Until the printing press and the renaissance, sort of. Temporarily destabilised the powerful. Kinda like the internet. Or radio broadcast I suppose. The old guard didn’t know how to exploit it at first. Printing press fucked up the massively corrupt Catholics at the time, fresh off their crusades and coming up with the idea of paying money to get into heaven. They really hated the idea of peasants learning how to read too. Martin Luther had a bunch of reasons they sucked. One was a complaint about how many little boys each priest kept. Nothing new under the Sun.

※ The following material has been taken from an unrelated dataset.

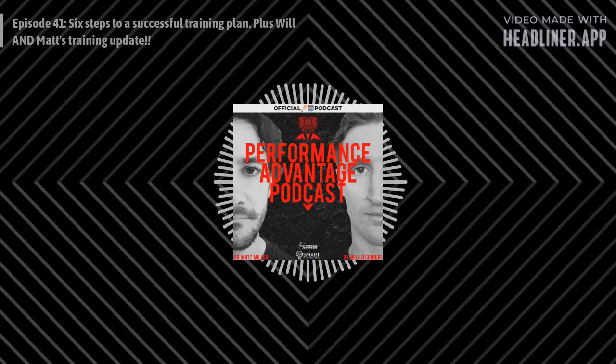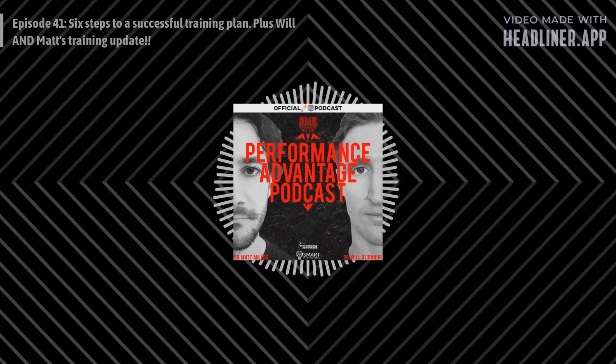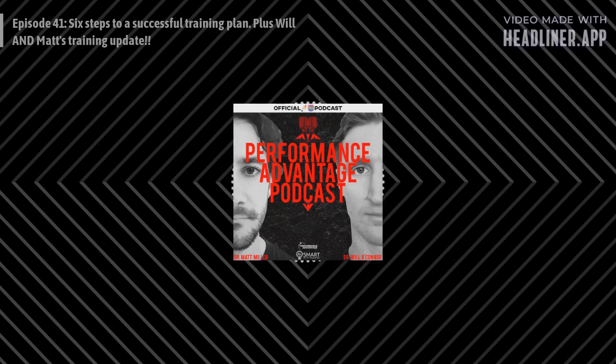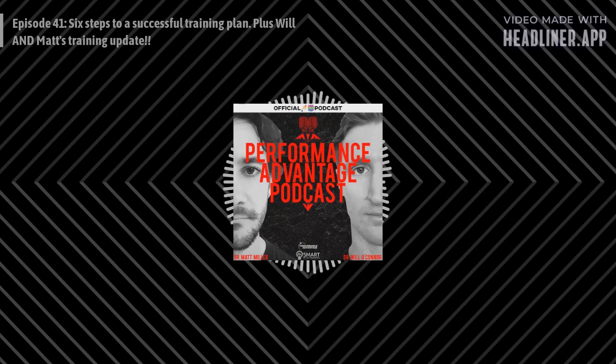Welcome to episode 41 of the Performance Advantage Podcast with Dr. Will O'Connor and Dr. Matt Miller, aka MTB PhD. Today on the show: Matt's brake power update, Will's training report, this week in sports covering new smart shoes, and the topic of the week — planning your season and how to write a successful training plan. Shout out to our sponsors endurancetraininghub.com and smartmtbtraining.com.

Relating any of it to the “right wing” becomes incoherent in a hurry when trying to compare things to modernity. Conservatives are what Royalists became after people kept cutting Royal heads off. Suffice to say though, it was shit fucking awful almost all the time humans have existed.
Looking to the future with climate change in a few hundred years and I expect way more extremism and a lot of death fighting and starving over the dwindling habitable land near the poles.
Eventually the Sun gets too hot even if we were perfect and peaceful and the oceans boil into space. Long before the Red Giant phase swallows the scorched Earth entirely. The end.
Anyways, I’ve deliberately sterilised myself.
This is a big reason why I hated learning history. It is very depressing. I’m always amazed how people can’t seem to understand things they didn’t personally live through. It is a constant cycle of exploitation then revenge on the exploiters and then a new way to exploit.
I’m trying to be hopeful, but it feels like we are in the phase where most need to suffer in order to get to a better place. Climate change is scary, but I try to remember progress can be explosive in ways you don’t expect.
Well this is just delving my own personal musings: I think we’ve evolved to do our best to not understand and bury our collective heads in the sand. Being born with natural critical thinking ability (being driven to seek out maddening truth, rejecting comforting lies) and empathy ability is a rare combination. I think you need both to, as you say, understand things you didn’t personally live through. I mean real understanding, not a cold rote memorisation of facts and trivia to pass a government / post secondary tests.
I love your comment, very frank about it. Thank you!
Appreciated, I’m glad I could write something at least somewhat impactful while being very brief.